Quando si parla di Giorgio Almirante il rimando immediato è alla politica in bianco e nero e alle Tribune Politiche, a quel parlare chiaro ma senza rinunciare ad una ars oratoria di stampo classico, a metà tra Cicerone e il Duce, a quel linguaggio aumentato dallo sguardo di ghiaccio, quello stesso sguardo che ipnotizzava le piazze nostalgiche e niente concedeva alla paura anche quando dietro ad ogni comizio c’era l’acre odore di lacrimogeni e affini.

LOTTA O GOVERNO?

Almirante è stato per anni il vessillo della destra dura e pura, il capo indiscusso di un partito che del fascismo era il prolungamento storico, almeno nei quadri dirigenti e nella base dei militanti. Il doppiopetto fu soltanto la divisa indossata nell’Italia repubblicana, ma le idee e lo spirito erano sempre quello del ventennio. Solo che ad Almirante toccò gestire la fase più delicata della Fiamma Tricolore, il logo diremmo adesso di quel Movimento Sociale Italiano messo al bando, ma solo in teoria dall’intero arco costituzionale. Partito di lotta o di governo? La dialettica interna, sempre ai massimi sin dalla fondazione nel dopoguerra, lo costrinse ad equilibrismi di rara abilità per evitare ciò che Nenni, dal fronte opposto, ammoniva rispetto ad un certo radicalismo tipico di entrambi gli schieramenti: “piazze piene e urne vuote”. Il compromesso almirantiano portò i suoi frutti: le correnti interne trovarono nel segretario l’indispensabile perno, la borghesia nostalgica trovò una casa più adeguata rispetto al grande loft della Dc e i giovani ribelli con il braccio teso ebbero nel Fuan e nel Fronte della Gioventù l’approdo naturale.

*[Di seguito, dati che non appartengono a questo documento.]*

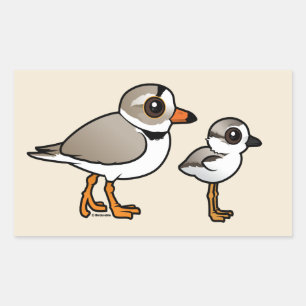 Piping Plover met kuiken Rechthoekige Sticker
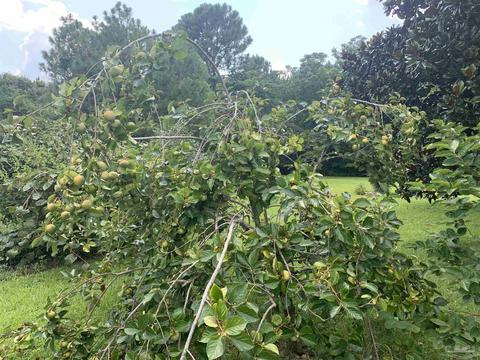 5249 Soybean Dr, Milton, FL 32583 photo 24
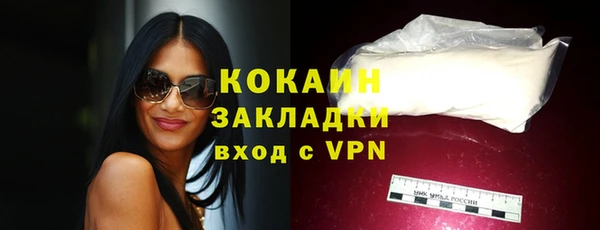 мдпв Болохово
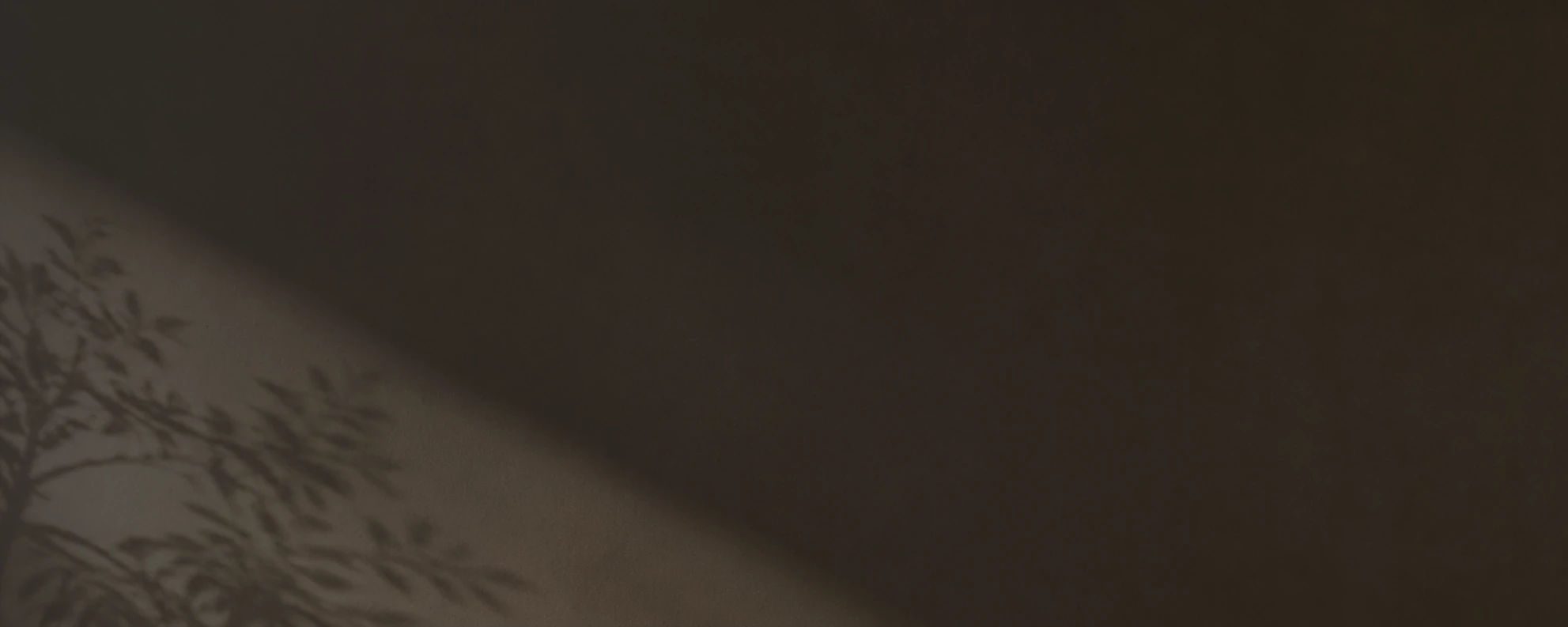 Background iamge with plant shadows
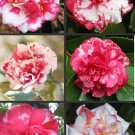 Daikagura Bicolor Bloom Camellia Japonica Live Starter Plant Wild One Blooms Are All Wildly Differen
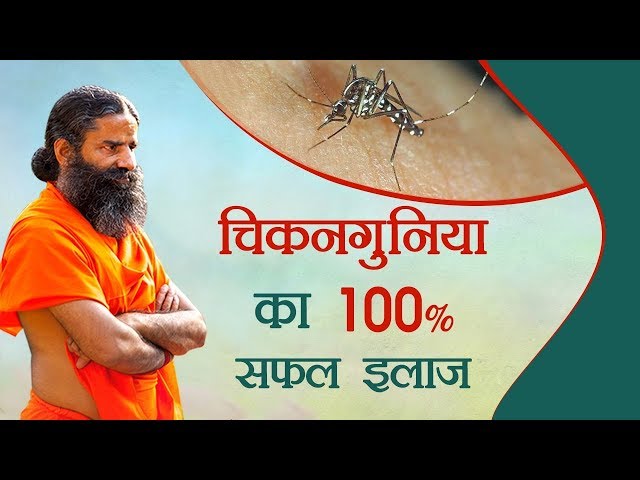 चिकनगुनिया का 100% सफल इलाज | Swami Ramdev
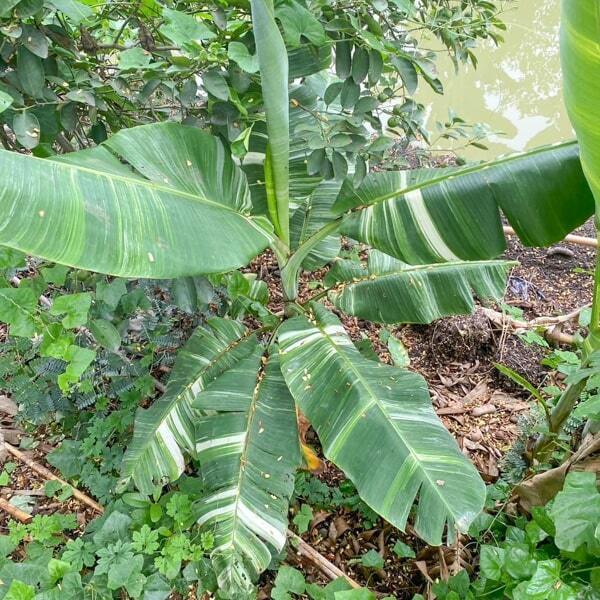 Banana variegated TANEE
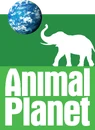 Animal Planet (2006-2008).png (789 KB) Third logo (2006 to 2010)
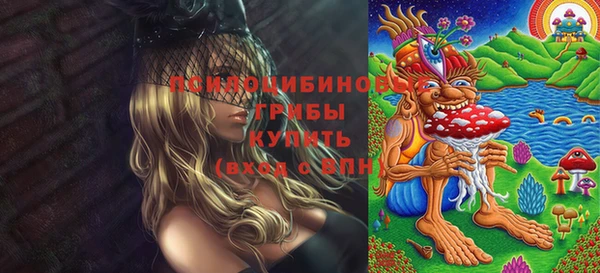 твердый Балахна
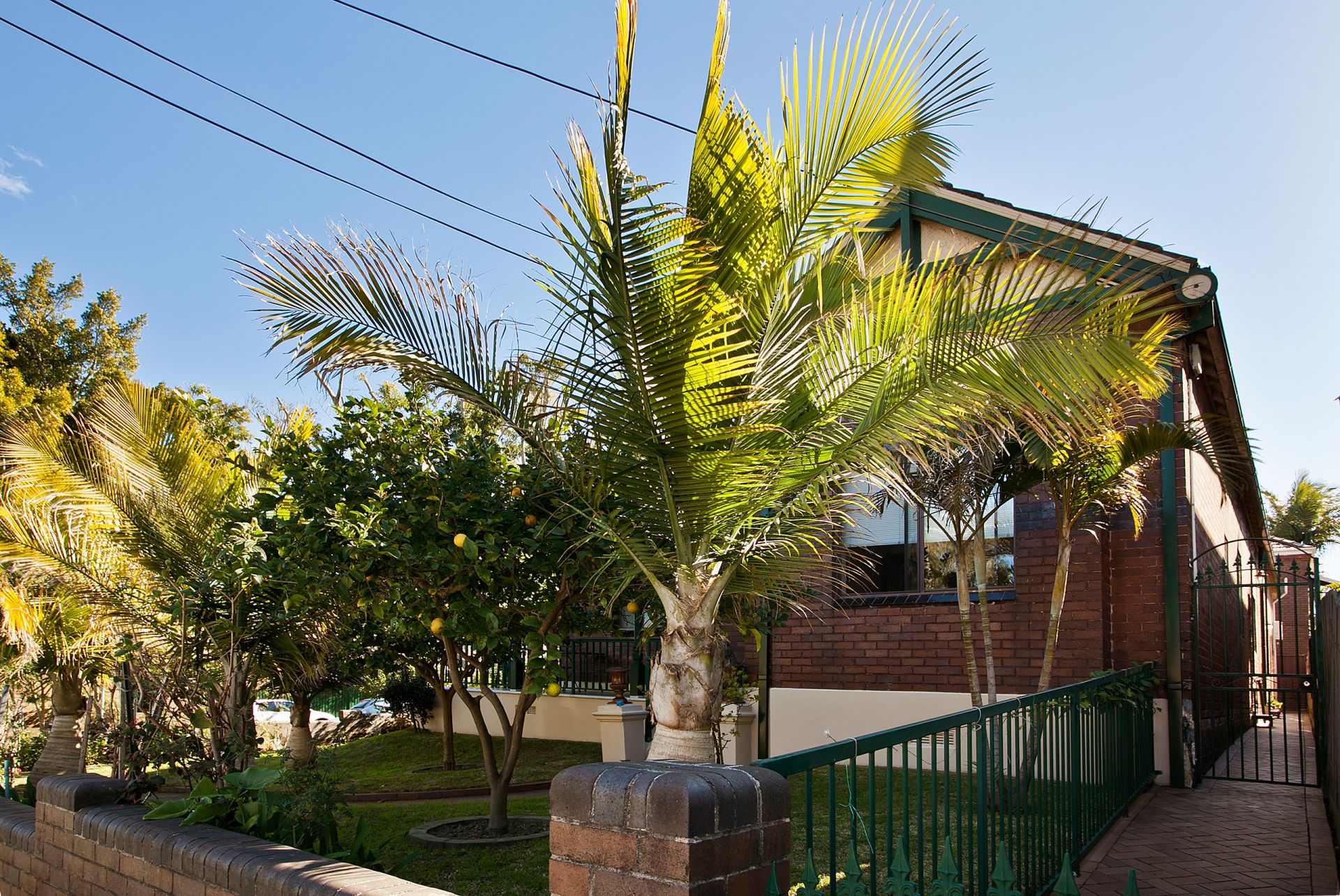 Real Estate For Lease 1/201 Wardell Road Dulwich Hill , NSW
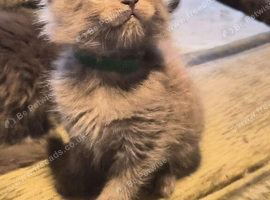 Maine coon pedigree kittens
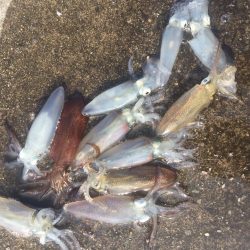 やっぱりデイヒイカ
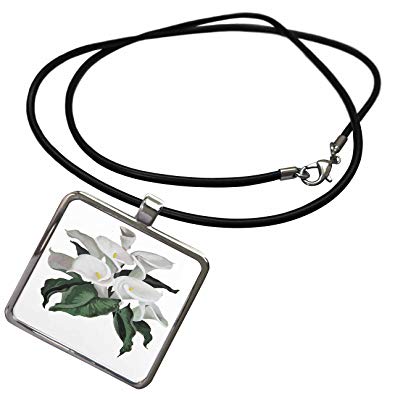 395x395 3drose Taiche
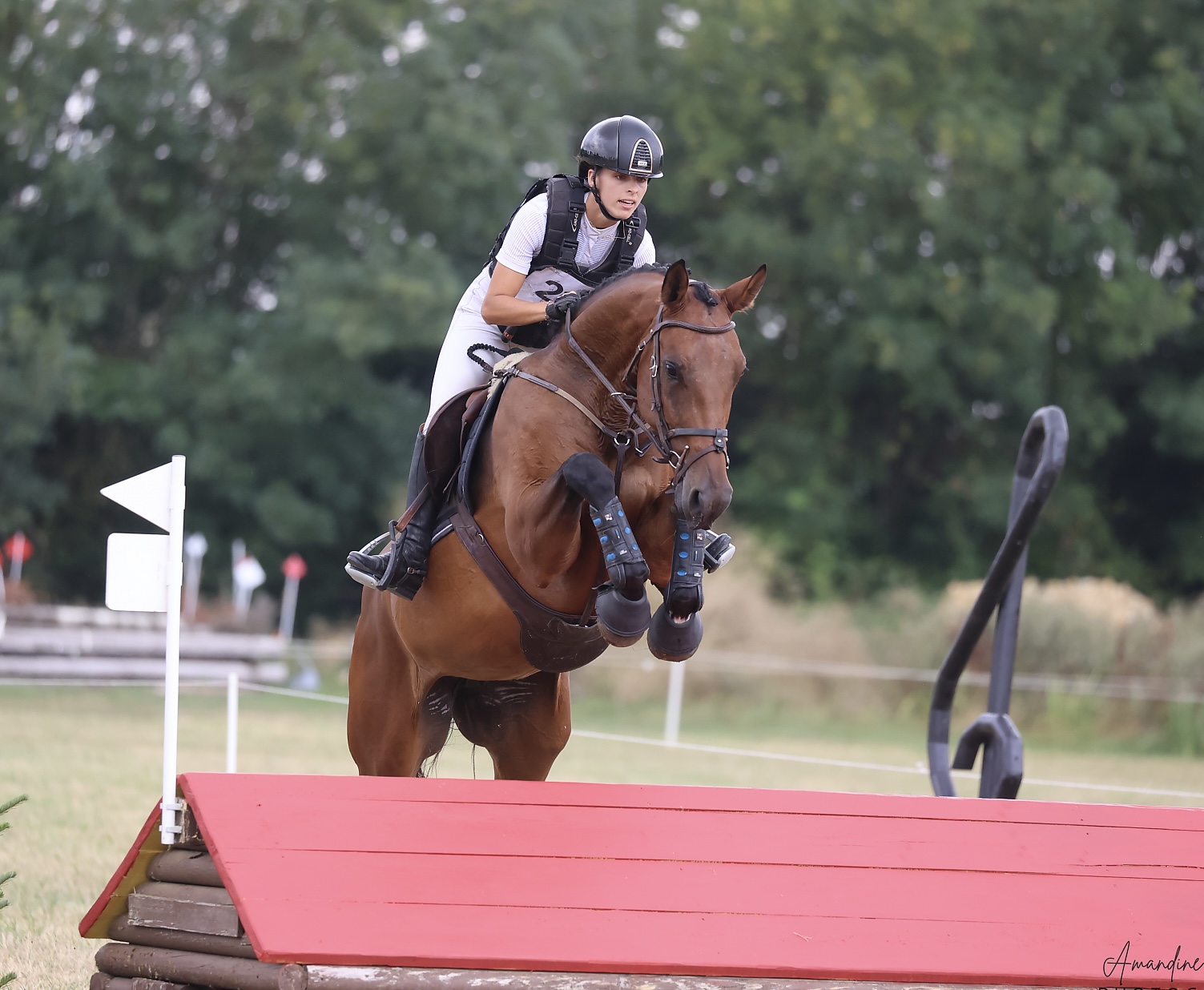 LUNEDEMIEL DE JARSAY LUNEDEMIEL DE JARSAY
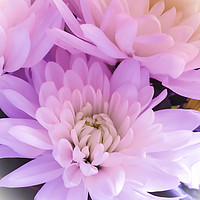 Buy canvas prints of Majestic Pink Chrysanthemums by Beryl Curran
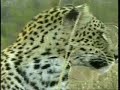Karula Karula
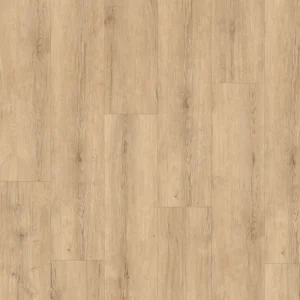 Muson Authentic Horizon By 1867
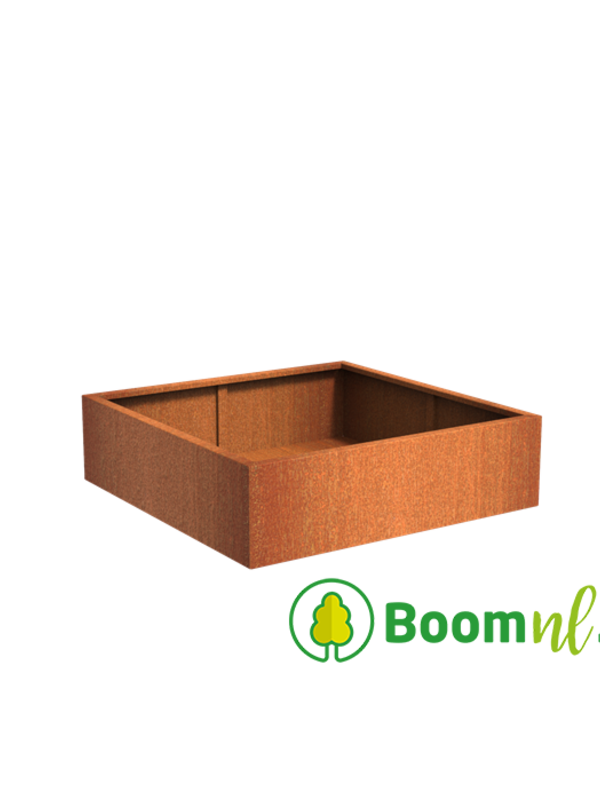 Adezz Cortenstaal | Carrez | 140x140x40 cm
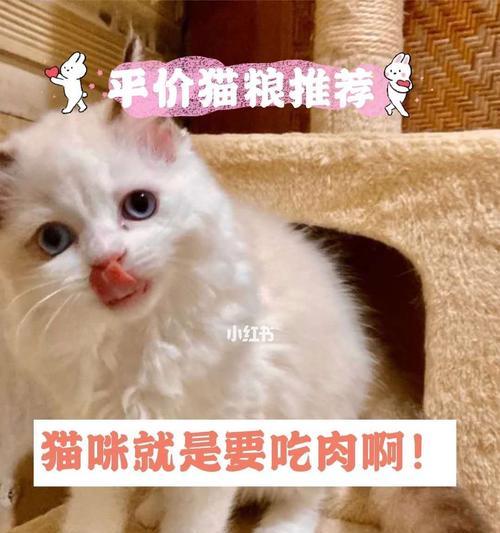 猫咪长期食用肉类的健康益处（为你的宠物提供更健康的食物选择）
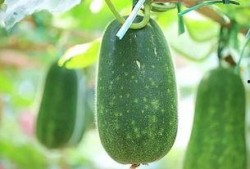 吃瓜五年感情,一段甜蜜的吃瓜爱情故事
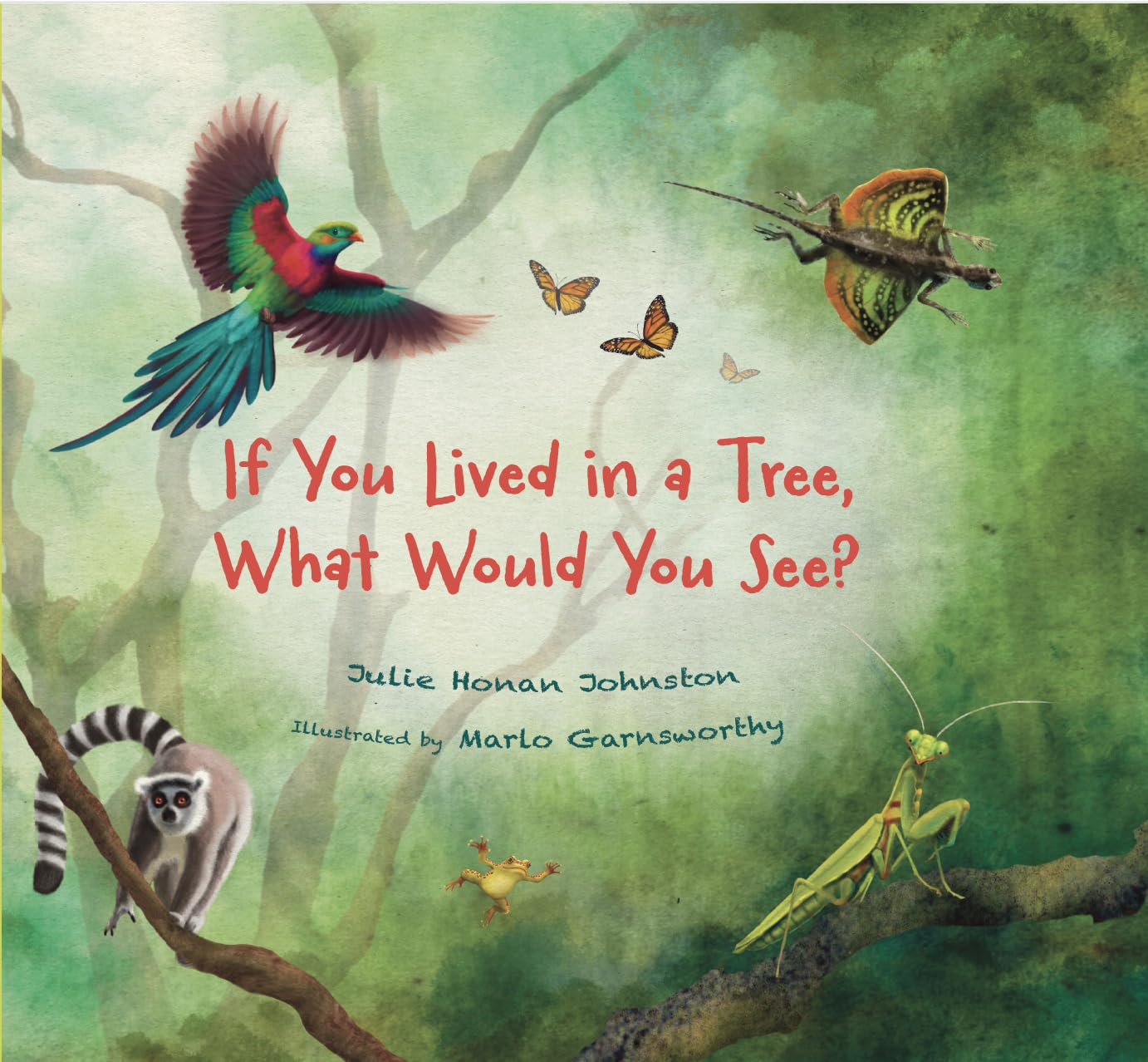 If You Lived in a Tree, What Would You See? (Who Would You Be?, 2)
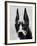 Head of Doberman Pinscher-Henry Horenstein-Framed Photographic Print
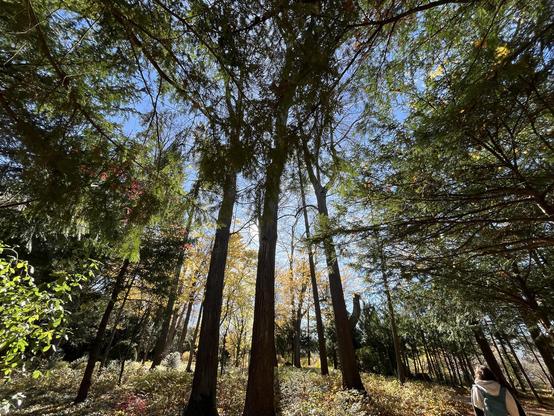 A forest with a tree blocking the sun. Photo by Robert Emond.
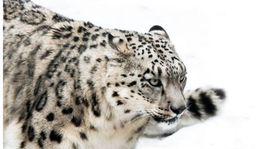 Snežná leopardica prináša pokoj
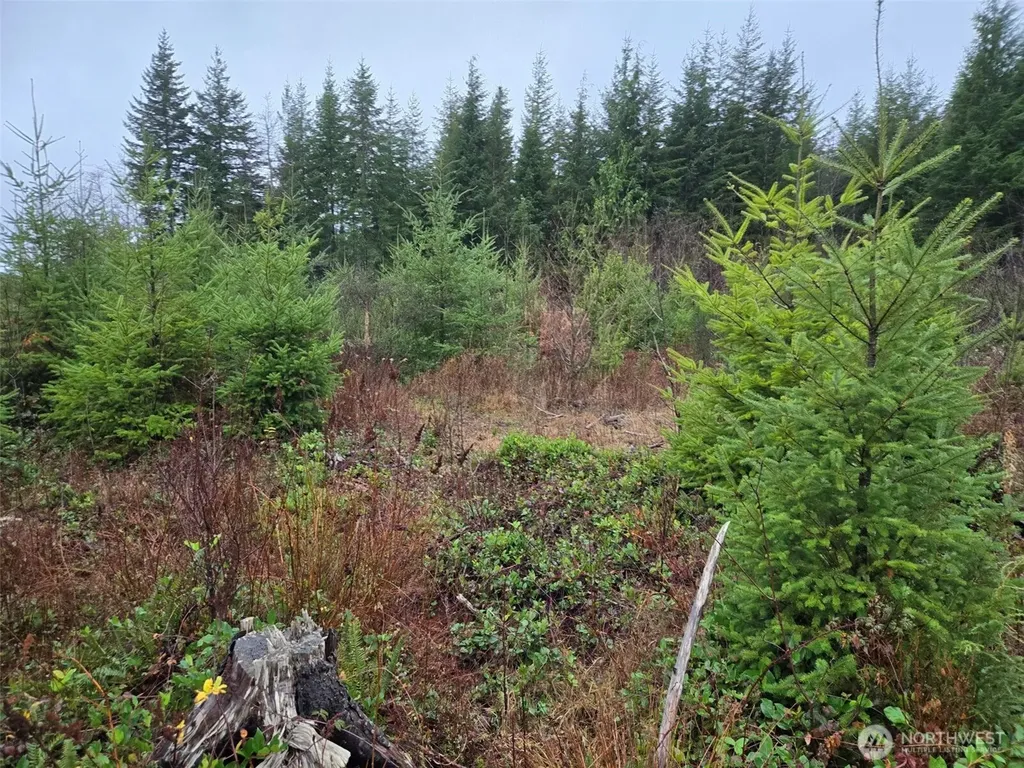 0 Bowes Road N Hoquiam WA 98550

ALMIRANTE E IL GEMELLO BERLINGUER

Almirante fu uno dei giganti della politica italiana del dopoguerra, giudizio della storia ma anche effetto dei paragoni che l’attualità ci propone. Questo ricordo non vuole essere un processo di beatificazione, eppure alcune considerazioni bisogna farle. Solo con il PCI ed Enrico Berlinguer si ebbe la sovrapposizione tra partito e segretario così come avvenne con Almirante e il MSI. E ad entrambi, per motivi diversi, non mancò mai una netta opposizione interna che condizionò il minimo indispensabile il loro mandato.

LA STRATEGIA DELLA TENSIONE

Almirante la politica la fiutava, accolse la borghesia e la frangia militare senza rischiare il contagio dall’una e dall’altra; governò con una certa sapienza gli estremismi che talvolta guardavano alle armi più che al Parlamento; non si fece travolgere dalla corsa al centro, perdendo voti ma non l’identità. Della strategia della tensione, tanto cara al Governo di quegli anni e ai servizi segreti, non si è mai compreso sino in fondo se fu vittima o complice. Ma capire gli anni ’70 e svelarne i lati oscuri sarà merce per gli storici della prossima generazione. Come i grandi leader, di dottrina e carisma, tenne unite le truppe sino all’ultimo giorno di comando. Poi le condizioni di salute gli consigliarono il passo indietro.

IL BATTESIMO DI FINI

Battezzò Gianfranco Fini come suo erede e lo fece eleggere anche in congresso, nonostante un’opposizione forte e di qualità. Ma come si faceva a dire no al grande capo? Per molti quella fu la cazzata di una intera vita politica. Ma anche in quel caso, Almirante seppe guardare avanti ignorando critiche e calunnie. “Chi potrà mai dare del fascista ad uno nato nel dopoguerra“. Fini con Alleanza Nazionale andò al Governo, cosa mai riuscita al suo vecchio maestro e portò la destra ad avere quel ruolo sognato sin dal dopoguerra. Poi, tra fusioni a freddo nel Pdl, appartamenti a Montecarlo e duelli rusticani con Silvio Berlusconi,  finì An e anche Fli, ultima creatura in discendenza diretta. Ma questa è davvero un’altra storia.